Is debt consolidation a good idea in Europe?
Debt consolidation can help if it combines high-APR obligations (credit cards, payday loans) into a single loan at a lower rate. Be careful: a lower monthly payment often means a longer repayment term and higher total cost. Always compare the total cost of credit (APR), not just the monthly instalment. Consolidation makes sense when it genuinely reduces your interest rate and simplifies repayment — not when it just 'buys time'.
How long does it take to become debt-free?
It depends on the total debt amount, your income, and how much you can put towards extra repayments each month. With €8,000 in debt and €200 per month in extra payments above minimum instalments — approximately 2–4 years. With €20,000 and €300 in extra payments — 5–7 years. The key is eliminating the highest-APR debts (credit cards, payday loans) as quickly as possible.

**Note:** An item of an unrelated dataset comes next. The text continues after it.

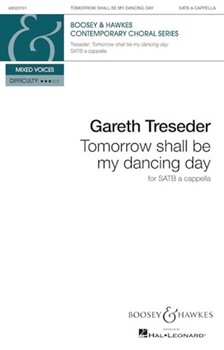 Tomorrow Shall Be My Dancing Day by Treseder Gareth for SATB a cappella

How can I track my debt repayment progress?
The best approach is to have all your accounts and liabilities visible in one place. Martia connects to your bank accounts via Open Banking (PSD2) and shows current balances across all accounts — so you can see in real time how each extra payment reduces your total debt. Regularly tracking progress significantly increases motivation to stay on plan.
What should I do if I can't afford my minimum payments?
Don't wait — contact your bank or lender before missing a payment. Most European banks offer payment holidays, restructuring, or hardship arrangements. The earlier you reach out, the more options you have. Ignoring the problem leads to penalty interest, damage to your credit file, and eventual debt collection. In severe cases, contact a free debt advice service such as StepChange (UK), the Money Advice Service, or your national equivalent.